• [Your objective] Only the lines holding the string "picture" are needed; copy each of them from the data.

--

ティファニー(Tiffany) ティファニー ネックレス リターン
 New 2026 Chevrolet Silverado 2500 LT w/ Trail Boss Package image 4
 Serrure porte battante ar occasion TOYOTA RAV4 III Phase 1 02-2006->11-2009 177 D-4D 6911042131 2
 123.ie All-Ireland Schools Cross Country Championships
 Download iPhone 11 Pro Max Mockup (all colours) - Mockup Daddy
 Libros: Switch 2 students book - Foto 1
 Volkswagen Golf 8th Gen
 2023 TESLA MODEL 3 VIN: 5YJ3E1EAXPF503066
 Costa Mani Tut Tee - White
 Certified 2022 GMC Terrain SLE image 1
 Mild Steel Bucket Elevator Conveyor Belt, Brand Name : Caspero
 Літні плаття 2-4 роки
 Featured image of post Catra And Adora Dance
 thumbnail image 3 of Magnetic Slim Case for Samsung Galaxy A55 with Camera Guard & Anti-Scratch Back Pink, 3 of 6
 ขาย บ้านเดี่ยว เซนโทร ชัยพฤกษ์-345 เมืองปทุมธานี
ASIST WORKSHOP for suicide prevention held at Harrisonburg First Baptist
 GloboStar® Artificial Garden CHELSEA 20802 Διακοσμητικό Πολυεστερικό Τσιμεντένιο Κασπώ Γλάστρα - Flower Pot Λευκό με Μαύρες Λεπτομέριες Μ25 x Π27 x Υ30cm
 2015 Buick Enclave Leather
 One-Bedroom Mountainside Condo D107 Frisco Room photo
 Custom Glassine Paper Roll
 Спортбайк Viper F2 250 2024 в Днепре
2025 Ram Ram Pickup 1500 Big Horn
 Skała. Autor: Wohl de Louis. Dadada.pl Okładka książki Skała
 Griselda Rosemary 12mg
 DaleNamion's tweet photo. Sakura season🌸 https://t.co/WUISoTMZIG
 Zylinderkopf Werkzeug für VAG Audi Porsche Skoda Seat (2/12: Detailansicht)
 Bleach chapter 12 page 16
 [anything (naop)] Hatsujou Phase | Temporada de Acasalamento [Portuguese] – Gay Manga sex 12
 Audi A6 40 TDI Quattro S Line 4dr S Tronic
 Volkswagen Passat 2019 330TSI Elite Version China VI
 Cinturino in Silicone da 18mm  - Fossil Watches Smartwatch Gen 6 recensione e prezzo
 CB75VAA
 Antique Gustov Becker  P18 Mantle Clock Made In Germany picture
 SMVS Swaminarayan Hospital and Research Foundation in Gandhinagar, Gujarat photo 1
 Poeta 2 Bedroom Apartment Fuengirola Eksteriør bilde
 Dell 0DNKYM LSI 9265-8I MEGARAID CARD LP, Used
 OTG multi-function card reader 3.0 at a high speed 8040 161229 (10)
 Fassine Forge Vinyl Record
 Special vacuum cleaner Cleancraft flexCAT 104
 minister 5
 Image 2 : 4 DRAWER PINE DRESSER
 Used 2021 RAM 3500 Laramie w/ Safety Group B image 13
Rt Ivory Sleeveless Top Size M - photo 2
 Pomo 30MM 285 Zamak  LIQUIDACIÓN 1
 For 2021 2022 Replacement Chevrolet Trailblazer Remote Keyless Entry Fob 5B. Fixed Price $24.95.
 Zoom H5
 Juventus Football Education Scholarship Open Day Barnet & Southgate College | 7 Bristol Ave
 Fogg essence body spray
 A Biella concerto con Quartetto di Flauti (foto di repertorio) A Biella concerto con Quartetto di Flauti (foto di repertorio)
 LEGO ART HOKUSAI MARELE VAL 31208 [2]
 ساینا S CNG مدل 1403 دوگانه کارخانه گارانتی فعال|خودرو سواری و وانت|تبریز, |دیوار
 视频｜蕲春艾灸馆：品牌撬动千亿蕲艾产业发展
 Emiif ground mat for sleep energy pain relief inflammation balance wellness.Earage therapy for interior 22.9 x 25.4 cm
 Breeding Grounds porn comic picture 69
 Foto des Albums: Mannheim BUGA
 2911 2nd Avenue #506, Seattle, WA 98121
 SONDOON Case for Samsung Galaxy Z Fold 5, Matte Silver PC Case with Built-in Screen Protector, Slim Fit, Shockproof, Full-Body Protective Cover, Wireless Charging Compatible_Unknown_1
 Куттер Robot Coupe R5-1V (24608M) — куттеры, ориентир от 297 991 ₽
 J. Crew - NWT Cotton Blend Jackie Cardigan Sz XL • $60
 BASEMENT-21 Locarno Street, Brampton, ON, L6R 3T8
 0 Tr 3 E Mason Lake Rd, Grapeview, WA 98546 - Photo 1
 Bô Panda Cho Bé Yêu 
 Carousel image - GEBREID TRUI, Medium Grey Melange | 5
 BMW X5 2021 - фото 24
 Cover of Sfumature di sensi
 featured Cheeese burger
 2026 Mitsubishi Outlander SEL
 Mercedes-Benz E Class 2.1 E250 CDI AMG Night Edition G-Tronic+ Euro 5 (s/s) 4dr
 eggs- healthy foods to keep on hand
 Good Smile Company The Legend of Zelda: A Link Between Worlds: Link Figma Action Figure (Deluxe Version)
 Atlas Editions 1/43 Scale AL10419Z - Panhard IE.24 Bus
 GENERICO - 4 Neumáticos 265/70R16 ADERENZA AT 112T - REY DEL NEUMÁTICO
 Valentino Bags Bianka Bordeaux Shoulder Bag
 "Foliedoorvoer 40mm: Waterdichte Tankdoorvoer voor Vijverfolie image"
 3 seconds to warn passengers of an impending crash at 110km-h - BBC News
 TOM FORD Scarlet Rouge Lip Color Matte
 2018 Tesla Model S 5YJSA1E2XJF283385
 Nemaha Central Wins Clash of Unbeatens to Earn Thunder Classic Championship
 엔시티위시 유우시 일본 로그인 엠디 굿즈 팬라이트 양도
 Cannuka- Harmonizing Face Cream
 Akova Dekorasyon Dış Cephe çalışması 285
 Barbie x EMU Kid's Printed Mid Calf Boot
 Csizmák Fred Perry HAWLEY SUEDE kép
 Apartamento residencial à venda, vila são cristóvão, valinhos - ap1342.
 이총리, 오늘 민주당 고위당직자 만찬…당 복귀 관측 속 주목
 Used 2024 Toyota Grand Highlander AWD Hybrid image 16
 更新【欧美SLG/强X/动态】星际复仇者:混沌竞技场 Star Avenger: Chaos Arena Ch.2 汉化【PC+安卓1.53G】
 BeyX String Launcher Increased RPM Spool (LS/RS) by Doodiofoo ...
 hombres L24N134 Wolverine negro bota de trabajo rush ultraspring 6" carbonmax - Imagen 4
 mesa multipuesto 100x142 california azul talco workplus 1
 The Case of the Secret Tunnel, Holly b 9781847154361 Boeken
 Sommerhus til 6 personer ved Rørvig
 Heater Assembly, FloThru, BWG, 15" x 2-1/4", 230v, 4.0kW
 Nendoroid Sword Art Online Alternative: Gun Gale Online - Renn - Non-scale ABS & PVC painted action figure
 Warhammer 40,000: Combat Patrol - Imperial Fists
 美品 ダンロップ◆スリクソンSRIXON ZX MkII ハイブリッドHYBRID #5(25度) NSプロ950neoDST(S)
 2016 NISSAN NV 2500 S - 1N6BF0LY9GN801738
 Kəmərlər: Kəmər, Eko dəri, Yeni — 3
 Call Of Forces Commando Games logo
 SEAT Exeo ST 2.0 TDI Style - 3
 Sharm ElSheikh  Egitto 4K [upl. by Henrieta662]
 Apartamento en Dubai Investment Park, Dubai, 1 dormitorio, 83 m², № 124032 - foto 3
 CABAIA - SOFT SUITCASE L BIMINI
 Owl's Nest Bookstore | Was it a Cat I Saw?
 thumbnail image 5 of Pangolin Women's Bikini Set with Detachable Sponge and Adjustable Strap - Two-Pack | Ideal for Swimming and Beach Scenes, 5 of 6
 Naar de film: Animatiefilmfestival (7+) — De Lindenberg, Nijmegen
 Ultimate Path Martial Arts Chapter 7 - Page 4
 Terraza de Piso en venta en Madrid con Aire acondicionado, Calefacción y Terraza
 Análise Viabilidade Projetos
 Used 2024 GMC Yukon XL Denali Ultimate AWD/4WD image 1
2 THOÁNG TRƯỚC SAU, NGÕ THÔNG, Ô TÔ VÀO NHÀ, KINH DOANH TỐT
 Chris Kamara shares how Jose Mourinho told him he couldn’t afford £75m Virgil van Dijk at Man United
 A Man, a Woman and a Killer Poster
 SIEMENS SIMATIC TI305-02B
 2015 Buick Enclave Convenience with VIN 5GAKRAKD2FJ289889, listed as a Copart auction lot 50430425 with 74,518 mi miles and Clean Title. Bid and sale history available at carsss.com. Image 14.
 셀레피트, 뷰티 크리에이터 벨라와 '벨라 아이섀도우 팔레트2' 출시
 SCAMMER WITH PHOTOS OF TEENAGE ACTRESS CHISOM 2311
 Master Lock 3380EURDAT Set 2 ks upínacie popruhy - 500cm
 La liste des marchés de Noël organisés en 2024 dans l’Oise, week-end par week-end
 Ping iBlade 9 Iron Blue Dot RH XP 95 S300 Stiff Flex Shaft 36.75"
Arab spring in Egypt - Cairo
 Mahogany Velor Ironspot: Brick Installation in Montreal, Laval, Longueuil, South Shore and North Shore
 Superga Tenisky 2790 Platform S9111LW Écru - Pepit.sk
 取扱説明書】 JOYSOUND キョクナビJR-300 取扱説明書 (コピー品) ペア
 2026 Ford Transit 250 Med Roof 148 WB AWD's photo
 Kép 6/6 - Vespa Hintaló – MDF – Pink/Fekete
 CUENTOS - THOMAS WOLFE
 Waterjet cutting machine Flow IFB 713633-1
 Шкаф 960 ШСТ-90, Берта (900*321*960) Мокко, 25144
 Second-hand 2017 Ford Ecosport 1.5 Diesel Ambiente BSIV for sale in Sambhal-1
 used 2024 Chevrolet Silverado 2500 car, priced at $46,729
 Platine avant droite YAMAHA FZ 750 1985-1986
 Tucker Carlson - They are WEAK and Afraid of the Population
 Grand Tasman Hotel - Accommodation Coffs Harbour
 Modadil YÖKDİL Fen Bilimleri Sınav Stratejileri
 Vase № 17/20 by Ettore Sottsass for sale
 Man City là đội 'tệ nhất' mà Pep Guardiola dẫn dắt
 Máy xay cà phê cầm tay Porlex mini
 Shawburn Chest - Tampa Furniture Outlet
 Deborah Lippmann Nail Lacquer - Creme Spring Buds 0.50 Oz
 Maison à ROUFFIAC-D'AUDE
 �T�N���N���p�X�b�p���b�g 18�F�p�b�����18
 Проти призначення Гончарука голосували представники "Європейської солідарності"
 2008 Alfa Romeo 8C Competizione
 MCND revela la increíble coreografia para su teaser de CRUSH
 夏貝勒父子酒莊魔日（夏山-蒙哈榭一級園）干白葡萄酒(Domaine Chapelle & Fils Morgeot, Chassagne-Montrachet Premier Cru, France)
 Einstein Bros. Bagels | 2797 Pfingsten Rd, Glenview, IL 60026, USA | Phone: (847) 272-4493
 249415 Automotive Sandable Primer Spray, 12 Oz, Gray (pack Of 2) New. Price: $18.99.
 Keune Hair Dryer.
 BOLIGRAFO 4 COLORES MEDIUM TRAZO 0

--

• [Written response]
 Antique Gustov Becker  P18 Mantle Clock Made In Germany picture
 Breeding Grounds porn comic picture 69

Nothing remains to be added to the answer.